Pat sends what would be his love if he were a little older or just a little younger. Being nine, he says: ‘Tell Alan I was asking for him’, and has a fly of his own invention waiting to be presented to you when you come on sick-leave. He is a little in disgrace at the moment in school, having learned for the first time that the Scots sold Charles the First to the English and having decided that he can no longer belong to such a nation. He is therefore, I understand, conducting a one-man protest strike against all things Scottish, and will learn no history, sing no song, nor memorise any geography pertaining to so deplorable a country. He announced going to bed last night that he has decided to apply for Norwegian citizenship.

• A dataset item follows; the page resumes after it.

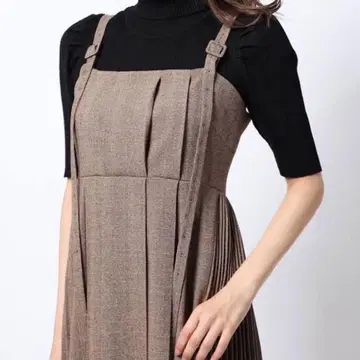 FRAY I.D 볼륨 플리츠 원피스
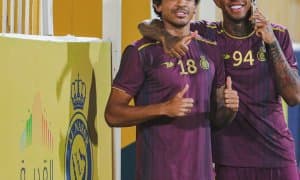 "Ан-Наср" иккита ярим ҳимоячисини сотувга қўйди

"Pat" is Grant's cousin's son, and he appears again in The Singing Sands, which follows The Daughter of Time.
This scene also shares the same rebellion by Tey against the rise in Scottish nationalism at her time. She was not a fan. Tho, I wonder if she would have changed her mind had she lived on.
I sometimes wonder what she would have made of other aspects of our time that she also specifically calls out in her books.
Anyway, in her (excellent) biography of Tey, Jennifer Morag Henderson also mentions that "Pat" as a beloved recurring character is based on a very close friend of Tey's, who was a budding writer and whose early death had a profound impact on her. From what I've read about Tey and within her work, it seems a plausible theory. Unfortunately, she was such a private person that we know very little about her.